Os trabalhadores reclamam mais tempo de “ajustamento”, à semelhança do que foi concedido a outras bases europeias que também serão reestruturadas, lembrando que o peso da redução militar na Base das Lajes para a poupança dos Estados Unidos na reestruturação total na Europa é de 6%.

João Ormonde defendeu que os Estados Unidos deviam aplicar nas Lajes o que fazem quando desmantelam bases dentro do seu território, em que são constituídos grupos de trabalho, envolvendo entidades locais, desde governantes a eventuais investidores, que debatem a forma como as infraestruturas passam de militares a civis, durante um período habitualmente de cinco anos.

O acordo técnico bilateral define, por exemplo, regras de construção de infraestruturas e de autorizações para a utilização de valências, mas para Álvaro Monjardino, advogado e ex-presidente da Assembleia Legislativa da Região Autónoma dos Açores, não é possível rever o acordo técnico sem rever o Acordo de Cooperação e Defesa entre Portugal e os Estados Unidos, em que está integrado esse acordo técnico. “Mexer na parte técnica é forçosamente mexer no acordo”, frisou Álvaro Monjardino, que foi presidente da Assembleia Legislativa dos Açores entre 1976 e 1984, tendo acompanhado de perto a revisão do acordo de 1983.
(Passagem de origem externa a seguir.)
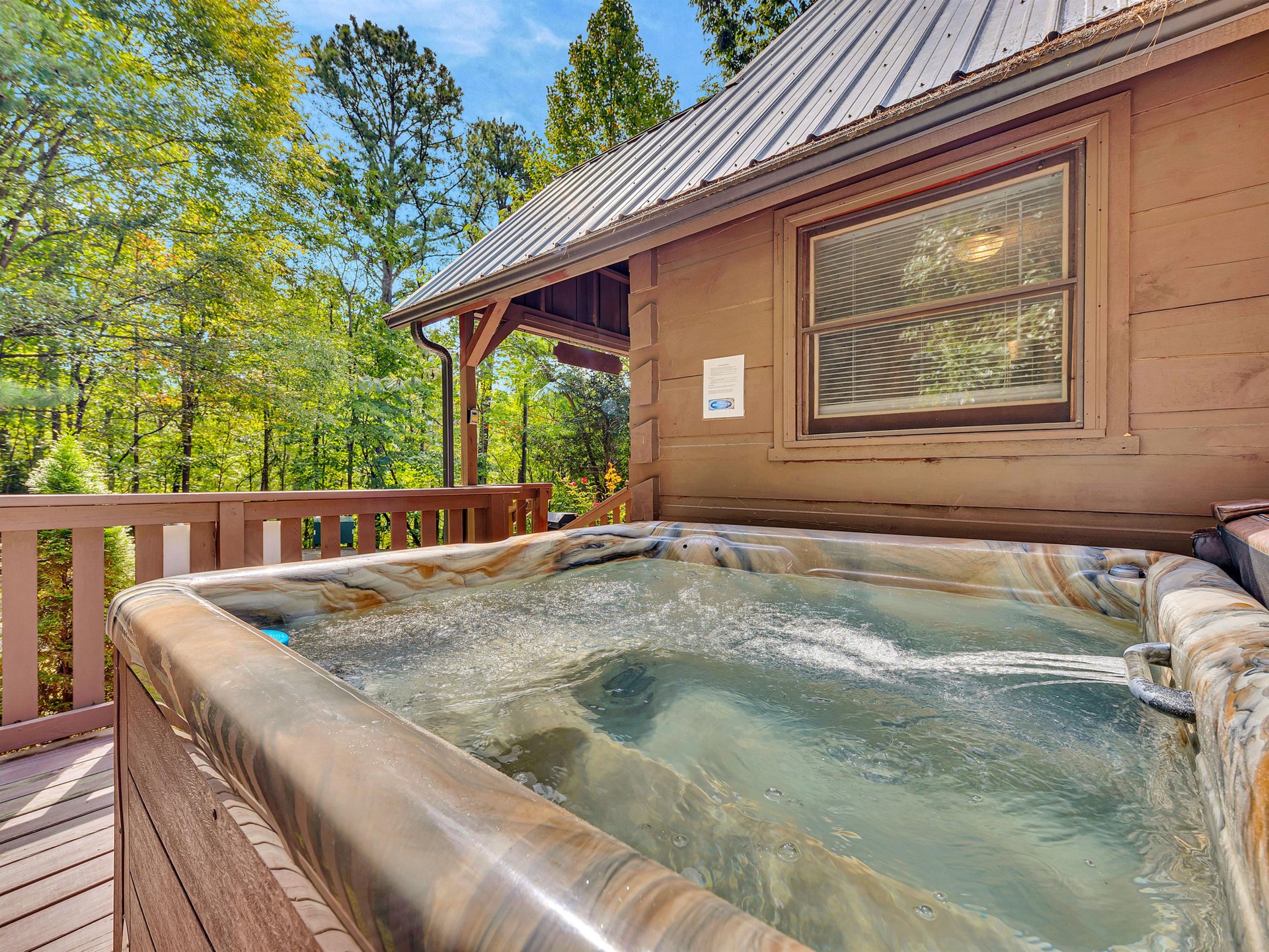 Slip into your private hot tub surrounded by towering trees, where warm bubbles and forest views create your perfect mountain retreat.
Álvaro Monjardino defendeu que o Estado português deve dizer aos americanos que esta situação “implica uma revisão total” do acordo, mas admitiu ter “as maiores dúvidas” de que isso aconteça, tendo em conta a história da diplomacia portuguesa. “Tenho muito pouca fé na nossa diplomacia, na sua informação e na sua preparação”, frisou, lembrando que, por exemplo, em 1991, foi incluída “à última hora” uma cláusula imposta pelos americanos no acordo, que permitiu aos cidadãos norte-americanos trabalharem na Base das Lajes, em concorrência com os locais.